In this dissertation, we aim to move the membership inference research in a more practical direction, either by showing the limitations of the current attacks or by proposing more reliable attacks. As stated earlier, we first show that the current generation of membership inference attacks are not reliable in practice. Then, we propose several new membership inference attacks that achieve more reliable performance in more realistic scenarios. The first attack focuses on the model's behavior in the entire sub-population, instead of a single sample in vacuum. More specifically, we compare the model's confidence on a target sample and other samples from the same sub-population. If the confidence of a sample is significantly higher than the average confidence on that sub-population, that is an indication of a training sample. We show that this attack can achieve moderate true positive with very low false positive. Additionally, we propose a BiGAN architecture to generate samples from the same sub-population, in case it is not available. The second attack aims to focus on user-level MI attack instead of the record-level MI attack. In this scenario, we identify if a user's data has been used during training instead if identifying which samples from the user have been used. Not only this attack is more realistic in privacy domain, but we show that we can achieve the state-of-the-art accuracy if multiple samples from a user are used to draw the membership inference. In another study, we show that MI attacks are generally more successful when deep ensemble is used. We show that deep ensemble shifts the distribution of train and non-train samples in a different way where they become significantly more distinguishable. Finally, we show that are a few simple aggregation mechanisms instead of ensemble averaging that can improve the accuracy and privacy of deep models in deep ensemble context.
Finally, we illustrate a fundamental issue with current MI attacks, including the state-of-the-art attacks, that limits their applications in certain scenarios.
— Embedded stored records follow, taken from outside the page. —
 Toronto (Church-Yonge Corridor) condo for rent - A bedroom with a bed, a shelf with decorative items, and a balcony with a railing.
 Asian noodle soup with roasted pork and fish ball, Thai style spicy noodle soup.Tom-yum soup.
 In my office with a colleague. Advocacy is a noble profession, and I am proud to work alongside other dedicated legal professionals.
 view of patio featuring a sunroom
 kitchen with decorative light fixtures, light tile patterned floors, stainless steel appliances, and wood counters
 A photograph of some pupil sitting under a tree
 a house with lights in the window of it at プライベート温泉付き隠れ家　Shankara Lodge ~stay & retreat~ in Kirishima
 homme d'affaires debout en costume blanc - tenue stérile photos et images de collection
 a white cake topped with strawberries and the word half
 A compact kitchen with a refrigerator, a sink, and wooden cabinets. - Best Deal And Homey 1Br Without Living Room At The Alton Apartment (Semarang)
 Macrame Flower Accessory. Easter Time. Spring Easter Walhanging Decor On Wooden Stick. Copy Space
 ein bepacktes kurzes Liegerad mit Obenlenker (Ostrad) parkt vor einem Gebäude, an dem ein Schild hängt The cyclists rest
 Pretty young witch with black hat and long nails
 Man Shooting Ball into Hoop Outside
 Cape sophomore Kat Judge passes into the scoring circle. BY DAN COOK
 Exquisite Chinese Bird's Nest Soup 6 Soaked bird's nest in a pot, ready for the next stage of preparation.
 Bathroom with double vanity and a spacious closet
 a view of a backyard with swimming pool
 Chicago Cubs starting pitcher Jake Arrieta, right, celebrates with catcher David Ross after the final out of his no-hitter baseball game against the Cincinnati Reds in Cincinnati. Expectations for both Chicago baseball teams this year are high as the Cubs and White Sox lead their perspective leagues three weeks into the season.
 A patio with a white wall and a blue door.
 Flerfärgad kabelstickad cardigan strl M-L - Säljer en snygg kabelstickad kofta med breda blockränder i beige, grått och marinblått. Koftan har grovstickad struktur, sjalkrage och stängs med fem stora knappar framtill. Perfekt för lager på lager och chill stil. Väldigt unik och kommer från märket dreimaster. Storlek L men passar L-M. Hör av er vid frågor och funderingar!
We elaborate the issues with a practical scenario where membership inference attacks are used by an auditor (investigator) to prove to a judge/jury that the auditee unlawfully used sensitive data during training. Although the current SOTA attacks can identify some training samples with low false positive ratio in a common experimental setting extensively used for MI attacks, an auditee can generate unlimited number of samples on which MI attacks catastrophically fail. This can be used in court to easily discredit the allegation of the auditor and make the case dismissed. Interestingly, we show that auditee does not need to know anything about the auditor's membership inference attack to generate those challenging samples. We called this problem, discredibility. Currently, there is no attack immune to discredibility. We hope that our research sheds light on this newly-discovered issue and encourage researchers to investigate it.